Of special concern are the budget cuts that town departments have faced after failed override votes.

“The town needs to have a certain set of services to be able to run optimally,” Tzanoudakis said.

When the last override failed, Conservation Administrator Paula Terrasi said she took a 4.8 percent pay cut because her salary is the only line item in her budget. The fiscal year 2016 budget request includes step increase she did not receive.

Terrasi also asked for her hours to be increased from 25 to 27 per week, the amount she had when she was first hired. Those two additional hours would enable her to work on Thursday and see people who come to Town Hall.

In addition to overseeing the conservation lands, she needs to complete the open space and recreation plan so that the town will be eligible to apply for more grants.

After hearing about the projects and learning that the previous conservation administrator worked 30 hours per week, Tzanoudakis asked if Terrasi really needed 30 hours a week to get her work done.

“I just feel there is never a chance we can get to 30 hours again,” Terrasi said. “Ideally, 30 hours, I would have no problem.”

Historically, the town has taken a conservative approach to the budget, Tzanoudakis said. “People still like to see four walls around it.”

Tzanoudakis asked Terrasi to provide what it would cost to increase her hours to 30.

The chairman also wanted more information from the other department heads the committee met with.

Work at the Zoning Board of Appeals varies depending on the economy, Tzanoudakis said. In addition to seeing numbers from the past five years, she would like to see numbers from 2004 to 2006, when the real-estate market was at its height.

Andrews said he would be able to get the figures.

The last time the ZBA needed a reserve fund transfer to pay additional salary was in 2009, said Cheryl Lutcza, ZBA assistant.

Her job description calls for eight to 10 hours a week. When it is busy, she works more hours per week, and fewer hours when there is less to do.

Right now, she is on target and has used between 50 and 60 percent of the hours budgeted for the year, Lutcza said.

The Emergency Management Agency requested funds to pay for academy training for two auxiliary officers. The town reimburses officers for their tuition one year after training is complete, said Director David Querze.

“How do you send people on training not knowing if you’ll be able to fund it?” Tzanoudakis said. Because of the budget schedule, the training has already occurred when the request for funds is made by the department.

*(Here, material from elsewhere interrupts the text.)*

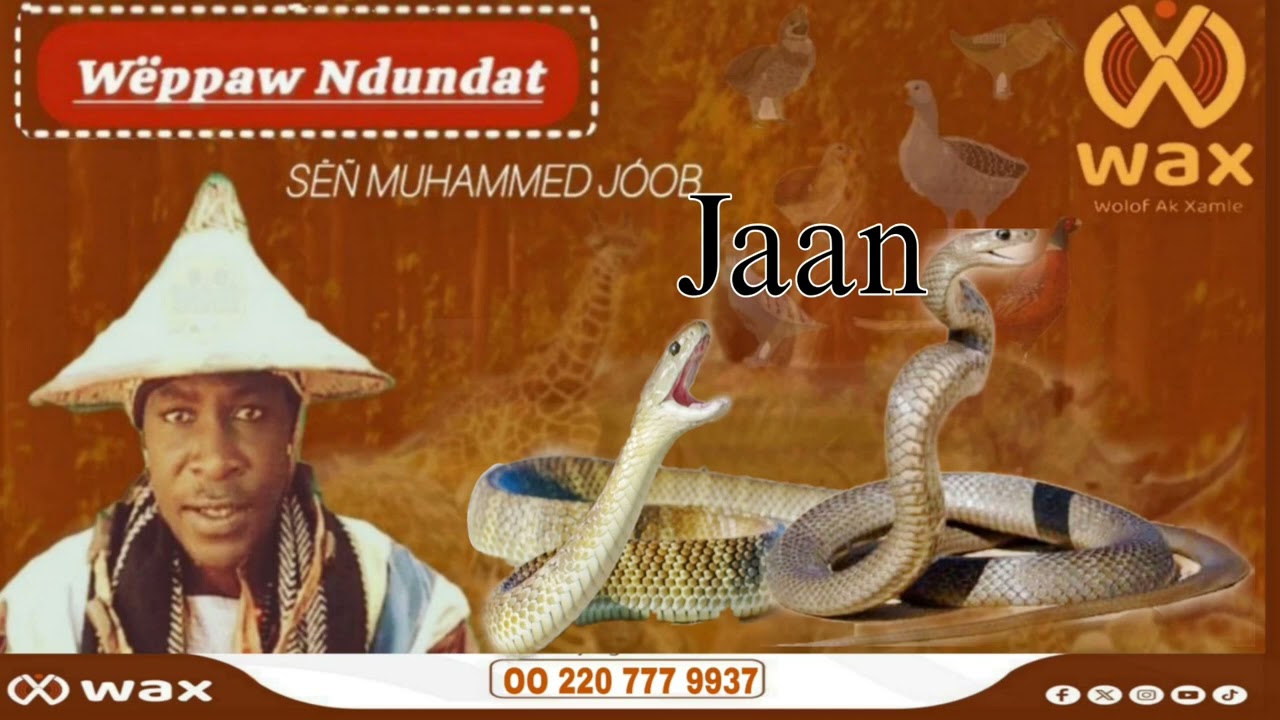 Jaan ak li ci aju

“It would behoove us to find a better way to manage that,” she said. “There may not be a better way to fund that.”

Andrews and Querze said they would talk together to see if they can come up with a better procedure.

Building Inspector Harry Cullinan and department assistant Sue Smith asked that their hours be restored.

In 2008, Cullinan’s hours were cut from 32 to 30.5 because the town could not fund a step increase and instead reduced his hours. Smith used to work 16 hours and was cut to 14.

“I’m supposed to leave at 12:30,” Cullinan said. Instead he stays while the women are out at lunch and the builders have figured out he is around.

He might end up staying until 2 p.m.

Tzanoudakis asked if the department had gotten any feedback on reduced hours.

Not having Friday hours in Town Hall means that things cannot be dropped off for the office, Smith said. If Monday is a holiday, nothing gets done until Tuesday.

Customer service is important to the Building Department. Cullinan said he tries speed things up for his clients. “If they have all the paperwork, I give them the permit right there.”

The Finance Committee will continue to meet with department heads and Andrews to work on next year’s budget.